Bir politikadan ziyade bir alışkanlık olarak benimsediğim ve tüm iş hayatım boyunca benimsemeye çalıştığım bir uygulama var: Açık Kapı. Bir çalışma ekibinde açık kapı uygulamasının iletişim sorunlarını ortadan kaldırdığına ve sinerjiyi artırdığına inanıyorum. Bu uygulama kapsamında üçüncü partilerle yapılan toplantılar dışındaki hiçbir durumda odamın kapısını kapalı tutmuyorum. Yakın çalışma arkadaşlarımın tümü odama günün her anında uğrayabiliyor ve böylelikle anlık istişarelerde bulunabiliyoruz.
Açık kapı uygulamasını kurucusu olduğum şirketler grubunda da istikrarlı bir şekilde uyguluyoruz.
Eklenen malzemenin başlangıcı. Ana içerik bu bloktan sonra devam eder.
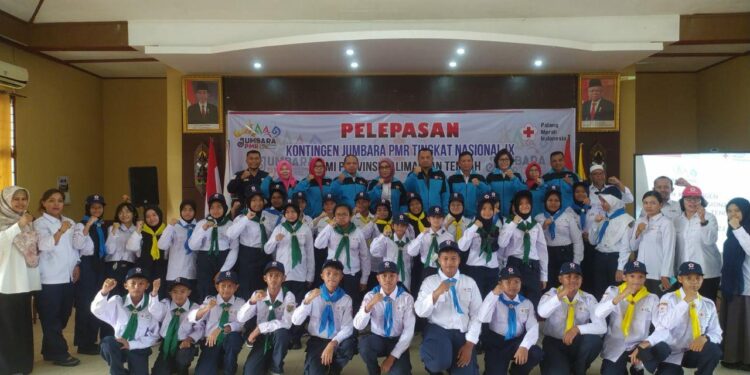 FOTO: OLIVIA/MATAKALTENG - Asisten Administrasi Umum Sri Suwanto, mewakili Gubernur, secara resmi melepas Kontingen Jumbara PMR Tingkat Nasional IX dari Kalteng di Balai Guru Penggerak Provinsi Kalteng, Jalan Tjilik Riwut Km. 5 Palangka Raya.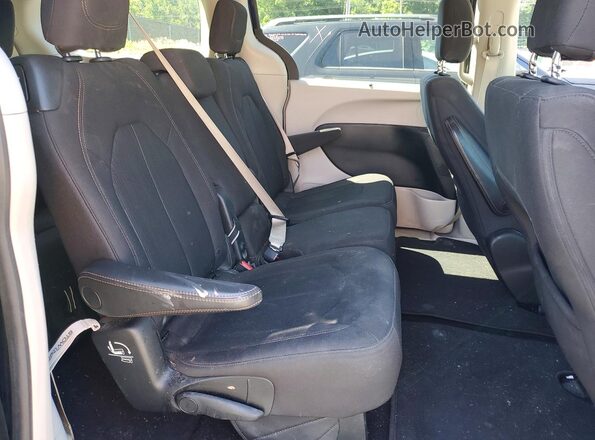 2C4RC1FG9JR351750 2018 CHRYSLER PACIFICA Blue Widok wnętrza z tyłu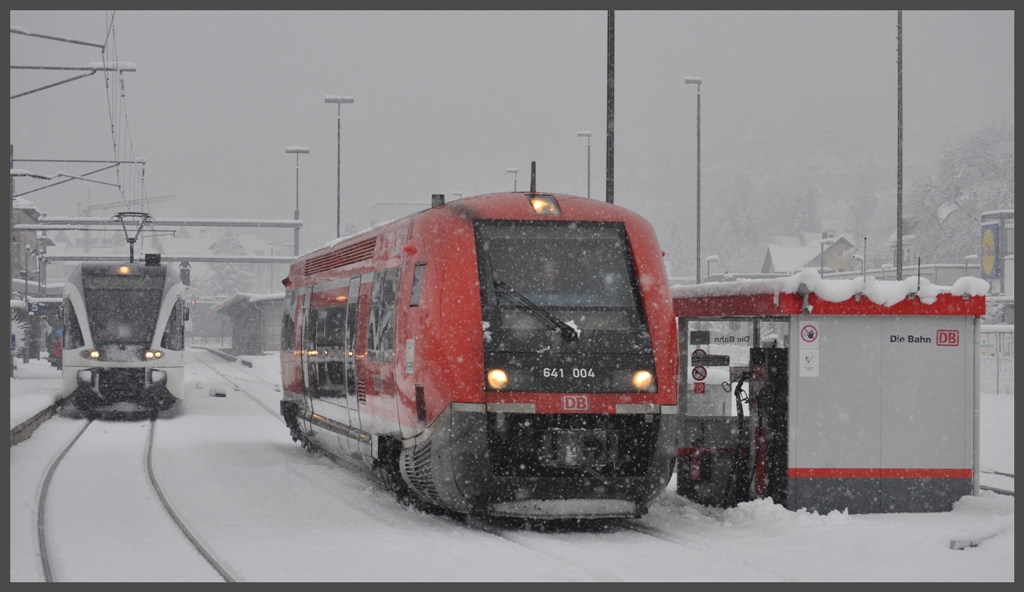 641 004  Walfisch  tankt Nachschub in Waldshut, whrend die S41 19859 nach Koblenz-Winterthur auf die Abfahrtszeit wartet. brigens hat es hier am meisten Schnee gehabt. (20.12.2011)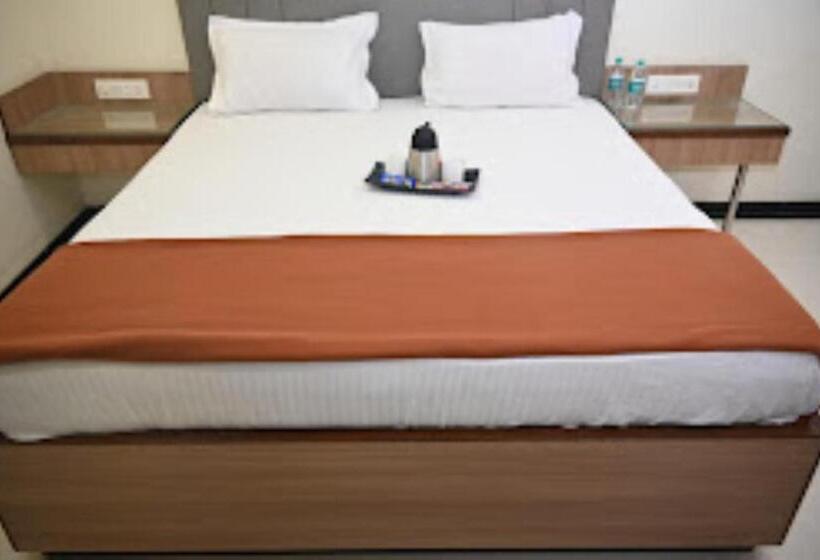 בית מלון כפרי Pritam Park, Jalgaon, Maharashtra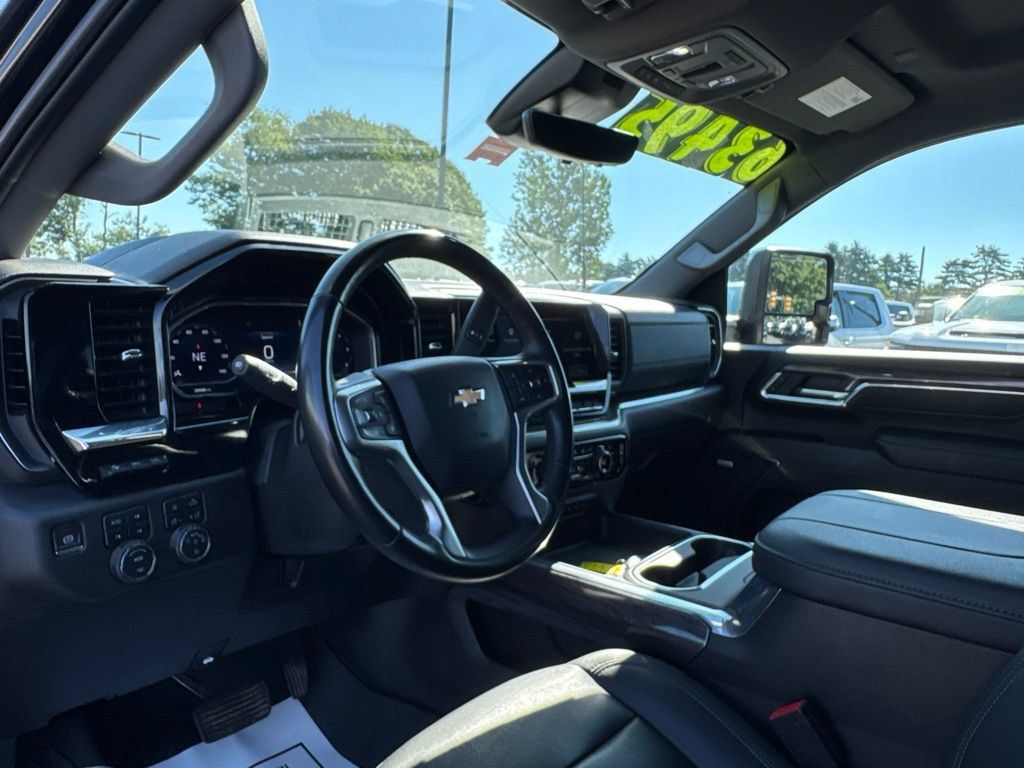 Used 2024 Chevrolet Silverado 2500 LTZ w/ LTZ Plus Package AWD/4WD image 29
Tüm yöneticilerimiz, çalışanlarımız bu uygulamayı ilk günden benimseyen insanlardan oluşuyor. İnsanların birbirine rahatlıkla ulaşabildiği bir ortamı oluşturmak, fiziksel sınırlamaları ortadan kaldırdığı gibi geçmiş dönemlerde kalan zoraki hiyerarşilerin iş sonuçlarının önüne geçmesine de engel oluyor. Kapımızı dış toplantılar dışında kapalı tutmuyoruz.
Daha çok makro delegasyon yöntemiyle işlerin yürütüldüğü sistemi uygulayan biriyim. Dolayısıyla sistem kademelerindeki bütün yönetici arkadaşların görev ve sorumluluklarına müdahale etmem. Daha çok makro sorunlar konusunda benimle fikir alışverişi yapılır. Haftalık, dönemsel toplantılarımızda rutin olarak stratejik hamlelerimizi ve iş planlarımızı zaten konuşuyoruz. Bunun dışındaki görüşmelerimizde, işin genel olarak nereye gittiğini veya yöntemine dair görüşlerimizi paylaşırız.